The argument is a conceptual argument in the normative theory of punishment. The best theoretical description of provocation manslaughter is as an offense, and not as a partial justification defense or as a partial excuse premised a partial loss of responsible agency. Once we distinguish three things that are usually conflated – intentions, intentional actions, and intent elements – we can see that provocation manslaughter depends on proof of a particular intentional act of killing, and that this proof brings a particular set of the defendant’s intentions to the fore for purposes of determining his desert for punishment. This set of intentions is different from the set of intentions that proof of a killing with intent, murder, brings to the fore for purposes of determining desert. Regardless of any reference to an intent to kill in the definition of provocation manslaughter, this kind of manslaughter is logically and normatively different from, and exclusive of, murder – in just the same way that a reckless manslaughter is. If a reckless manslaughter is an offense, then provocation manslaughter is an offense as well – and should be proved as one – because there is no conceptual difference between the two kinds of manslaughter, relative to the other homicides.

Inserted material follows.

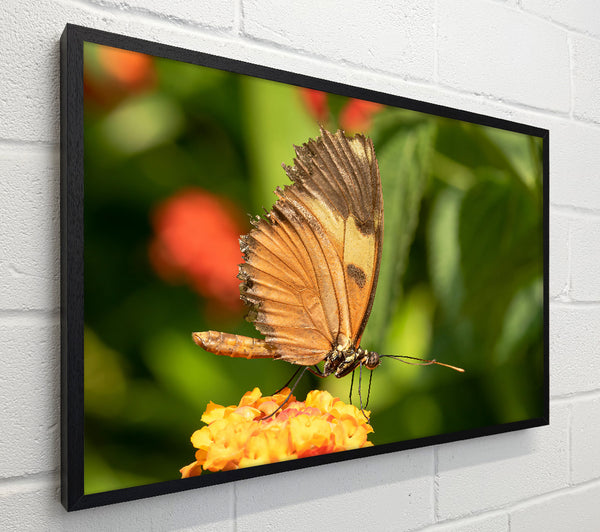 Orange Butterfly Resting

In the normative theory of punishment, a correct description of criminal law is taken to be a reason to make the law so as a positive matter. This article invokes that principle. But we have other reasons to take provocation at face value. For historical reasons that are beyond the scope of this article, one of the homicide offenses came to be at odds with modern proof procedures under prevailing court rules and constitutional doctrine. We chose, in effect, to deal with this conflict by treating provocation manslaughter as a defense instead of as an offense. In doing so, however, we took the easy way out. We failed to live up to the rule of law values that require proof of offenses beyond a reasonable doubt. This article shows how we can treat provocation manslaughter as an offense as a practical matter. We should adopt a set of rules that provide discovery to the prosecution, that obligate it to make a prima facie case on pain of a mistrial and bar to reprosecution, and that reverse the ordinary order of jury deliberations so that provocation manslaughter is considered first and murder is considered second – or not at all, if the jury has convicted the defendant of provocation manslaughter. These rules provide an incentive for the prosecution to prove provocation manslaughter, and a disincentive to sandbagging that proof in an attempt to obtain a murder conviction instead. More importantly, the proposed rules enable us to live up to our rule of law ideals – including the principle of lenity as well as the requirement of proof beyond a reasonable doubt – in a way that treating provocation as a partial defense does not. If we take provocation at face value, then we can better preserve criminal law’s constitutional principles, theoretical consistency, and moral integrity.